## WHAT YOU WILL DO
The full listing is to be returned exactly as given, but without pictures.

## DATASET CONTENT
========================================================================

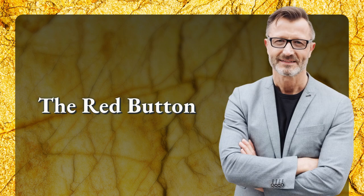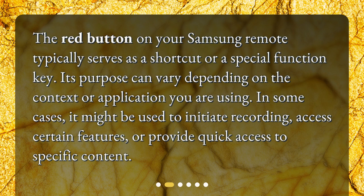The Red Button on your Samsung remote typically serves as a shortcut or a special function key. Its purpose can vary depending on the context or application you are using. In some cases, it might be used to initiate recording, access certain features, or provide quick access to specific content.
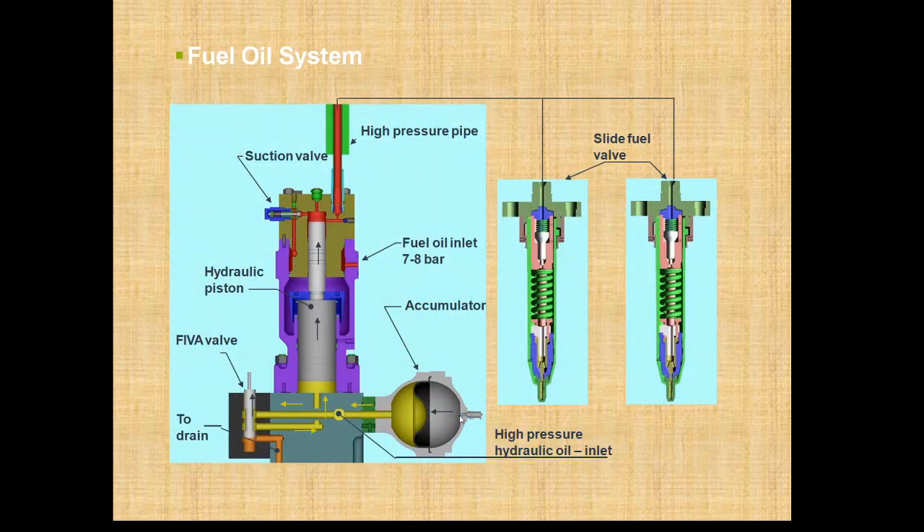Here we can see the whole assembly of the fuel oil system — how the fuel oil is pressurized and sent to the fuel valve.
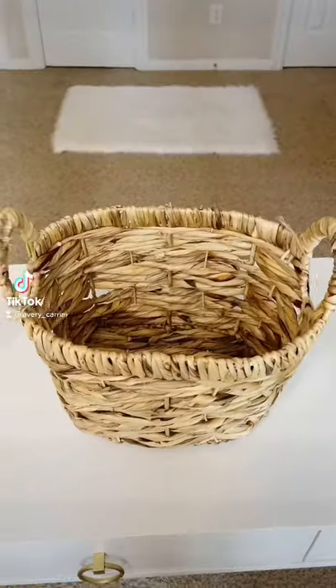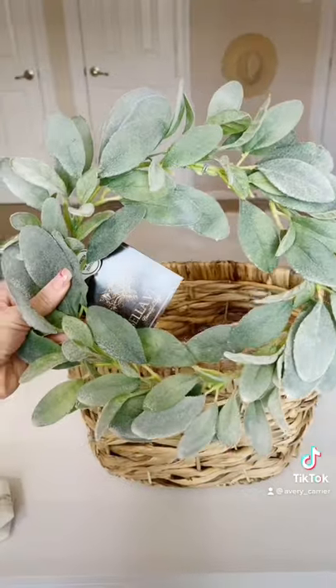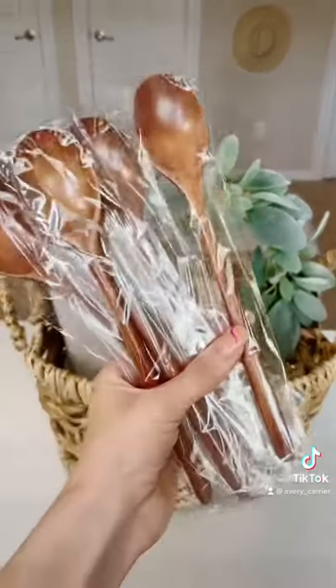My housewarming gift basket idea for newlyweds. I'm going to take this basket from Home Goods and add some paper. I added this wreath for some greenery, then I bought this oven mitt from Home Goods and these wooden spoons from Amazon.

========================================================================

## ANSWER TO THIS PROBLEM
The Red Button on your Samsung remote typically serves as a shortcut or a special function key. Its purpose can vary depending on the context or application you are using. In some cases, it might be used to initiate recording, access certain features, or provide quick access to specific content.
Here we can see the whole assembly of the fuel oil system — how the fuel oil is pressurized and sent to the fuel valve.
My housewarming gift basket idea for newlyweds. I'm going to take this basket from Home Goods and add some paper. I added this wreath for some greenery, then I bought this oven mitt from Home Goods and these wooden spoons from Amazon.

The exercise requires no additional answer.